▶ _WHAT THE TASK ASKS_: Only the lines from the one holding "Duty Multipurpose Vise" to the end of the data should be echoed, exactly as they appear, minus the pictures.

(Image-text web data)

---

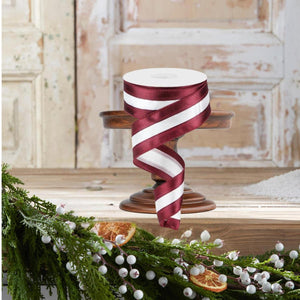 1.5" Satin Team Stripe Ribbon: Maroon & White (10 Yards)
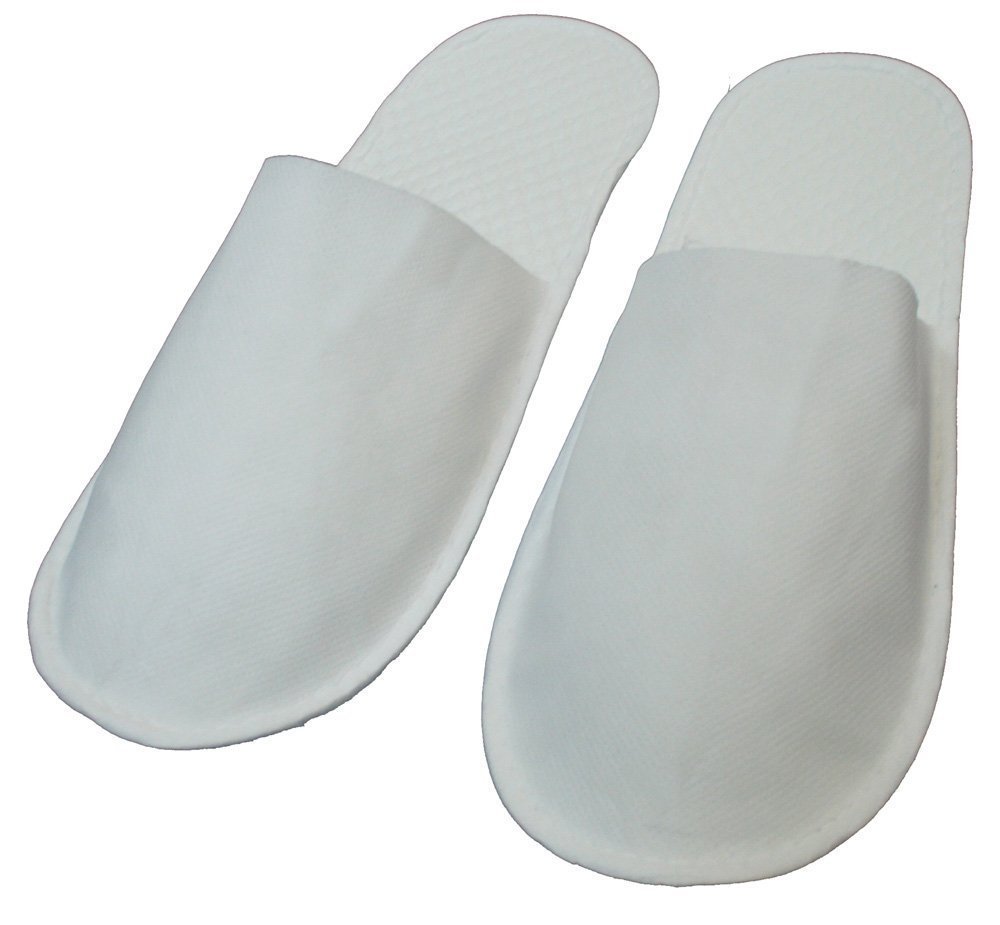 Pure Source India Disposable Hotel Slippers - 6mm Thick Sole, 2-Pair Pack (White) - Perfect for Spa, Bedroom, Dining Hall & Travel Use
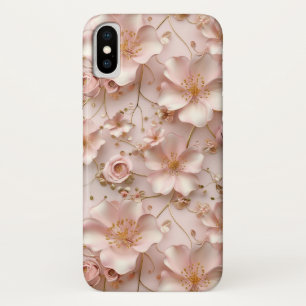 Timeless Elegant Soft Pink Floral Pattern iPhone X Case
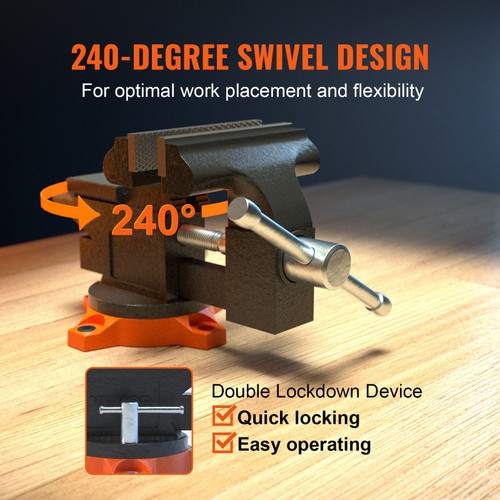 4.5" Bench Vise w/ Anvil 240 degree Swivel Base Heavy Duty Multipurpose Vise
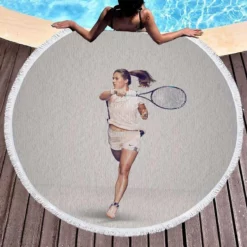 Exellelant Russian Tennis Player Daria Kasatkina Round Beach Towel 1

---

▶ _SOLUTION BELOW_:
 4.5" Bench Vise w/ Anvil 240 degree Swivel Base Heavy Duty Multipurpose Vise
 Exellelant Russian Tennis Player Daria Kasatkina Round Beach Towel 1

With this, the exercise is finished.